Consider the following. It should go without saying (but I’ll say it anyway) that none of the questions below should be taken to imply anything about my personal views or opinions on any of these subjects. More to the point, I’m not a scientist, and haven’t spent a significant amount of time researching any of these subjects to any great extent, so even if I was offering my opinions on these topics, you probably shouldn’t be listening to them anyway anyway.
- Would it be appropriate for the federal government to have the CDC fund a research project headed by an anti-religion activist to determine whether or not religion is a sort of mental “virus”, and effectively a mental illness of some kind? (Does it make the proposed research better or worse if the study examines certain religions which have had a propensity to encourage its adherents to violence in the more recent past?)
- Would it be appropriate for the CDC to conduct research into the origins of homosexuality — i.e., is it purely genetic, as many have claimed, or are there environmental causes, too?
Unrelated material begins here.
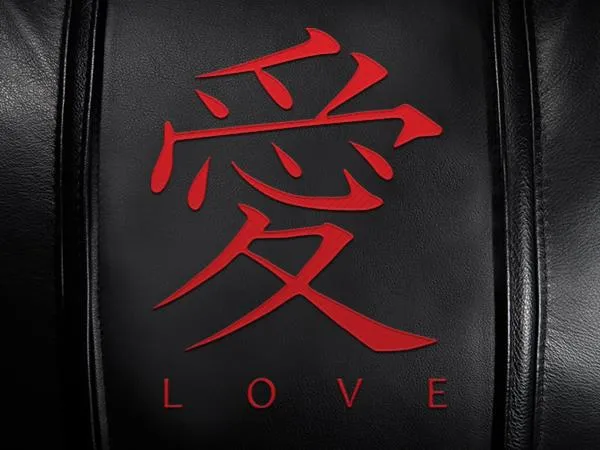 Gaming Chair 100 with Love Logo Panel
I’ve heard it proffered that childhood sexual abuse may have a correlation — I personally don’t think that has much to do with it, but why would a scientific inquiry into the subject be inappropriate?
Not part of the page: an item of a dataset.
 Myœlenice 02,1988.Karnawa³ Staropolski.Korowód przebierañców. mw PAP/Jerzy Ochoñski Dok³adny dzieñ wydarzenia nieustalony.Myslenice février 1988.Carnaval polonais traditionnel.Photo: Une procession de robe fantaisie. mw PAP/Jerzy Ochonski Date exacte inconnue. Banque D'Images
- Why don’t we have the CDC give money to a researcher hand-picked by the Koch brothers take a look at the long-term public health effects of fifty years of left-wing social and economic policies on residents of major cities? The libertarian Kochs are very interested in these types of policy questions, and I’m sure they could recommend some good grantees. Again, this is intended to be a rigorous scientific study, so personal biases shouldn’t matter as long as scientific protocols are followed, any more than it matters when anti-gun researchers like David Hemenway conduct research that leads to the shocking conclusion that firearms confiscation and repealing the Second Amendment is the most effective public health solution to violence in society. Right?
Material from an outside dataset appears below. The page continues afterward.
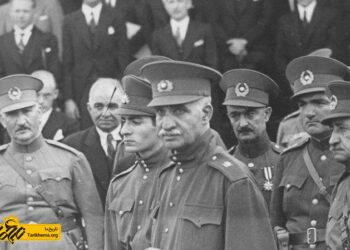 چگونگی شکل گیری ارتش متحدالشکل ایران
- What about a research project funded by the CDC conducted under the auspices of an anti-abortion group to examine the correlation (if any) that abortions at a young age have on the mental health of women in later life? Anyone who’s followed what I’ve written in the past knows that I’m supportive of the legal right to an abortion, but surely this would be an interesting question to examine purely from a scientific perspective, right?
Would all of these be good or useful projects for the CDC to fund? Are they qualitatively any different than the CDC funding anti-gun ideologues to research origins and public policy options related to violence?
Again, I’m not an expert on any of these subjects. On a basic level, however, if we think that we can acquire some sort of “scientific” answer that can help inform our policy-making by having anti-gun ideologues conduct surveys into the multifarious reasons why people commit violent acts, surely the suggestions I’ve made above can’t be beyond the pale, either. Or is there a point where publicly-funded research into an area charged with political controversy might generate more heat than light?
Might there be a better use for taxpayer funds than to fund research projects whose primary objective might not be to expand the frontiers of human knowledge, but merely to give succor to folks with an ideological axe to grind?
Of course, I could be wrong on all of this. My knowledge of the sorts of things the CDC does is limited, so if they are already funding the kinds of projects I mentioned above, please hit the comments and let me know. I’d be curious to read them.